10 years of whistleblowing and WhistleB on World Whistleblower Day
June 23rd 2021 marks World Whistleblower Day. It’s a day to acknowledge and appreciate the value of those people who raise the alarm about matters they see or suspect that are unethical or unlawful. 2021 also marks ten years since the founding of WhistleB. We would like to celebrate the world’s whistleblowers with this look-back at how things have changed for them over the last decade – including WhistleB’s own small part in enabling that change.
Read this interview with Karin Henriksson, one of the founders of WhistleB, now a part of NAVEX Global.
How have attitudes to whistleblowing changed in the last 10 years?
There’s been a significant change. When we started WhistleB ten years ago people could sometimes ask why a whistleblowing system was needed. Here in the Nordics, known for flat organisations, perhaps a less-hierarchical leadership style and open-door policy, people assumed that everything was transparent. In other parts of Europe, such as France at that time, we would be met with “this doesn’t match our culture”. In other countries, such as Spain and Portugal, there were regulations restricting anonymous whistleblowing, probably due to the perception of the negative side of anonymous whistleblowing.
Today we know that no organisation is safe, even if you have a fantastic culture and good leadership. There is always a chance that a person may act unethically. Companies understand the value of whistleblowing, whether that be for risk mitigation, cost-reduction, brand protection, sustainability, employee well-being, or to comply with the forthcoming EU law that requires a whistleblowing channel for organisations with 50 or more employees.
What has prompted this shift to a more favourable view of whistleblowers?
I’d highlight a number of specific events that have catalysed change – starting with the most notable, the #MeToo movement. Sexual harassment had been swept under the carpet for a long time. Then it was suddenly brought out into the open through this movement and a number of strong, colourful personalities. Blowing the whistle became more acceptable, whistleblowers were listened to and empowered. However, social media and the broader media acted as the whistleblowing channels used to bring about change. What we want to establish is safe channels for organisations so that problems can be dealt with inside the organisation (when possible).
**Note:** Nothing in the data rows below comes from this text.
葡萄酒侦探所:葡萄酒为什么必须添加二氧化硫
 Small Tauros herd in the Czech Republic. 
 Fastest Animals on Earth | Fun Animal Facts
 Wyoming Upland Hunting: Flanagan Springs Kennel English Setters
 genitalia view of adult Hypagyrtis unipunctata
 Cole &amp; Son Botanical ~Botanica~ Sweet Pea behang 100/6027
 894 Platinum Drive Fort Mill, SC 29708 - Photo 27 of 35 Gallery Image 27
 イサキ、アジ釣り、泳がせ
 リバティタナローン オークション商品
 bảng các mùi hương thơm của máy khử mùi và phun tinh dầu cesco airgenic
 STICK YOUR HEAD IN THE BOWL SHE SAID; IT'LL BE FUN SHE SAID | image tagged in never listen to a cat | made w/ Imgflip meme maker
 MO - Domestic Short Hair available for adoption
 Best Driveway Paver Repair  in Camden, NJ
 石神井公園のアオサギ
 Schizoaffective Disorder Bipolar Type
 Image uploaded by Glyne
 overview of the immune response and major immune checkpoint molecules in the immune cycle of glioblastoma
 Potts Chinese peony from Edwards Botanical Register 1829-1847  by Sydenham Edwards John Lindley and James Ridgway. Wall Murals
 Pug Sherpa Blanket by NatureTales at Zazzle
Another “event” was the Cambridge Analytica data scandal, a case where we noticed a more positive tone in the media reporting. The whistleblower was heralded as a hero, not a troublemaker, not disloyal. This change in tone was also a factor in the shift in attitudes.
Finally,laws around the world have started to reflect this complete change in attitudes. We are seeing stricter data protection laws, stronger whistleblower protection laws and laws on retaliation against whistleblowers. All of which are a step to a safer existence for whistleblowers, and more transparent business.
How have companies reacted?
There was a spill-over effect on organisational whistleblowing. Large companies and powerful investors wanted to demonstrate their zero tolerance and act against all forms of unethical behaviour – sexual harassment, corruption, money-laundering and so on. Stamping out such issues is difficult without trustworthy proof though, proof which is only going to come fast enough from those that suffer or others that suspect.
Thus there followed a realisation of the value of workplace whistleblowers and the importance of enabling them to raise their voices safely. Since identifying and addressing problems where they happen is less damaging and costly, organisations have started to look at a more systematic approach to whistleblowing, from establishing the right culture to managing and, if necessary, investigating cases appropriately. In some cases that means allowing employees and other stakeholders to blow the whistle anonymously, in most cases it means implementing robust, secure and trustworthy channels to encourage whistleblowers to speak up.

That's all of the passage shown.